Once it has been running for longer than 30 seconds and it is disconnected and then reconnected. the red power LED comes on and nothing else happens. If unplug it and plug it back in the same thing happens. The only way to make it boot again is to physically disconnect it for around 10 seconds and connected it back again at which point it boots as expected.

i found an old San disk 2gig card and it seems to work perfectly! this is mad, it seems the SD cards are temperature dependant

I think too the SD card temperature is the problem. I stated before that I had a kingston card that rebooted everytime.

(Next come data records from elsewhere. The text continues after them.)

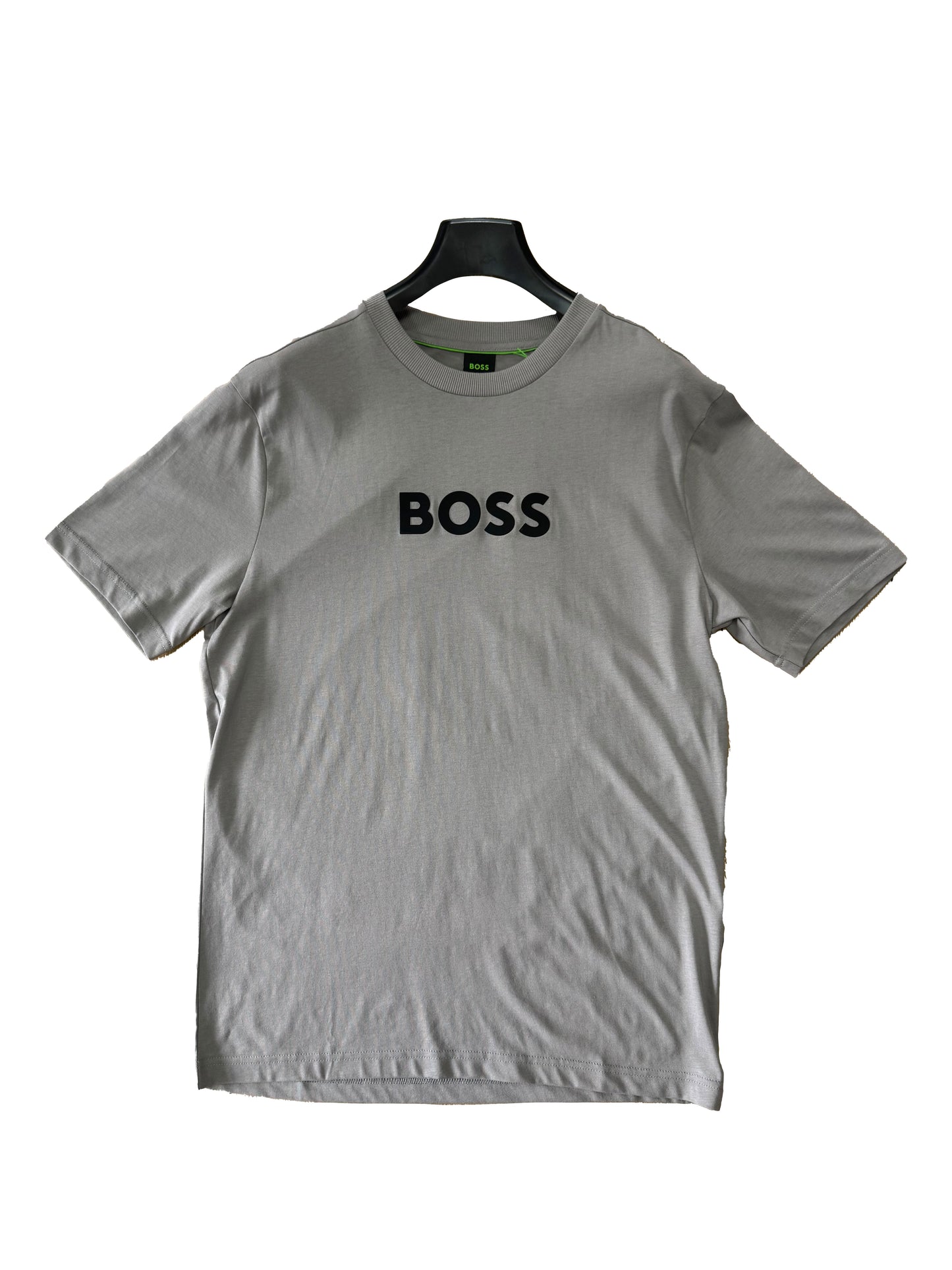 Boss TS_ Logo T Shirt Grey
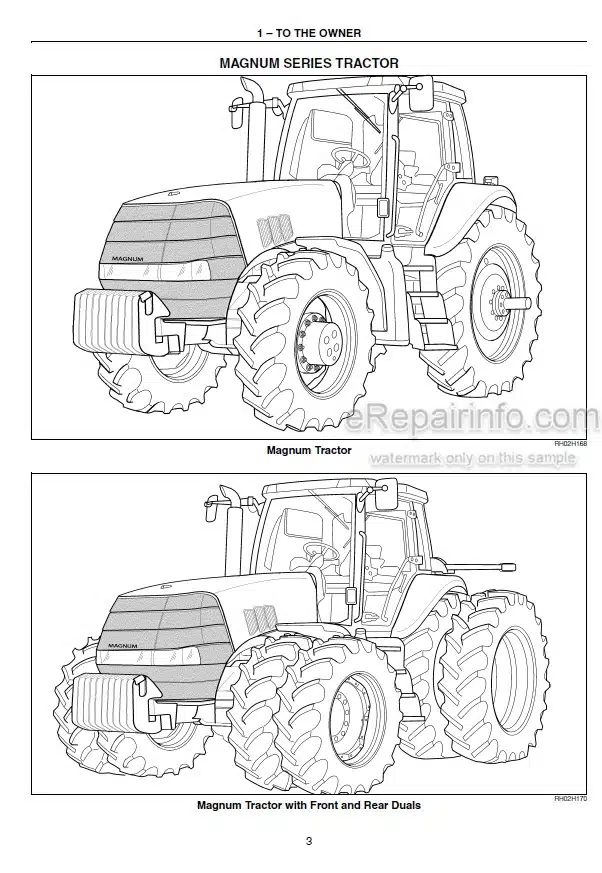 Photo 4 - Case IH Magnum 255 Series Operators Manual Tractor Z7RZ05000-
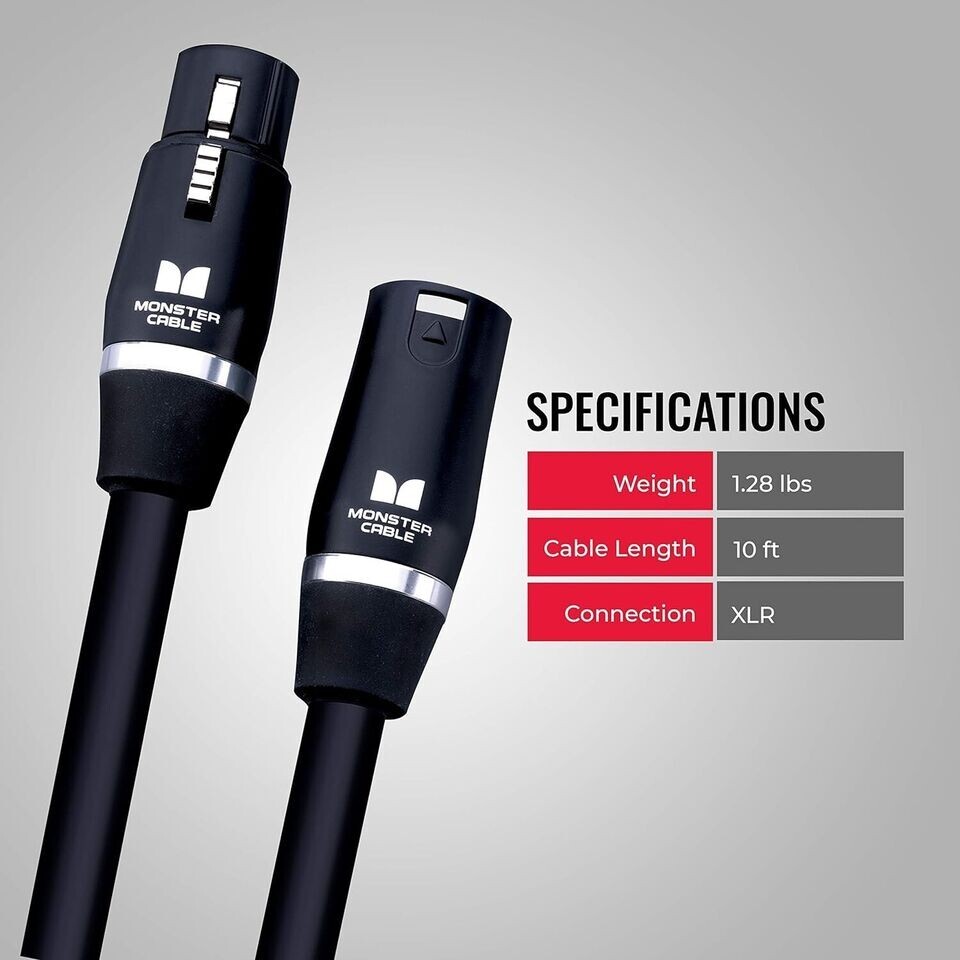 Monster 10 Ft. Prolink Studio Pro 2000 Microphone Cable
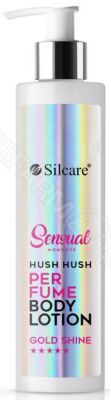 Silcare Sensual perfumowany nawilżający balsam do ciała z drobinkami złota Hush Hush 250 ml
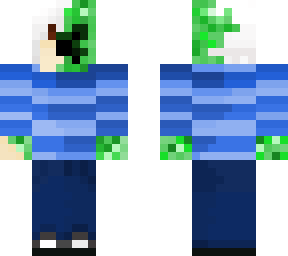 creeper infected human boy
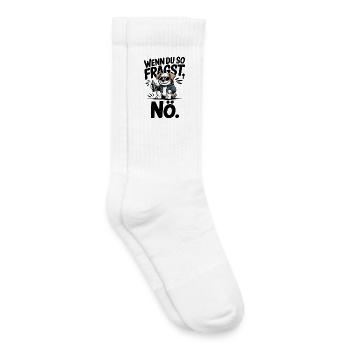 Wenn du so fragst, NÖ. - Kinder Tennissocken - Weiß - Rechts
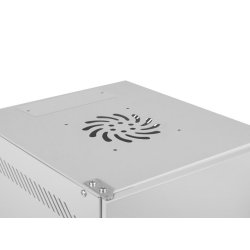 RACK CABINET 10" WALL-MOUNT 6U/280X310 FOR SELF-ASSEMBLY WITH METAL DOOR GREY LANBERG (FLAT PACK)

UPDATE15: I definitely think it is the card now. Now I need to know what make and model card to get that people have success with! The make/model I have that has problems is Samsung EVO Plus 32GB.

The maximum operating temperature of the Raspberry Pi is 85°C so 40-50°C is probably OK.

source: pi 3 - How Hot Is Too Hot? - Raspberry Pi Stack Exchange

Interesting debugging! Thank you for giving so much effort to go through this.

This reminds me of a very similar issue reported for v1.0 Pisound boards, but it happens exclusively with Pi 4 versions: PiSound with Raspberry Pi 4, because its power supply design got changed. The Pi 3 and earlier models didn’t have this issue.

To verify that it’s indeed SD card overheating, you may try to keep Pisound off, and heat the sd card area using some hair dryer or heat gun (don’t get it too hot though!), and see if you can reproduce the boot issue just by heating the SD card area.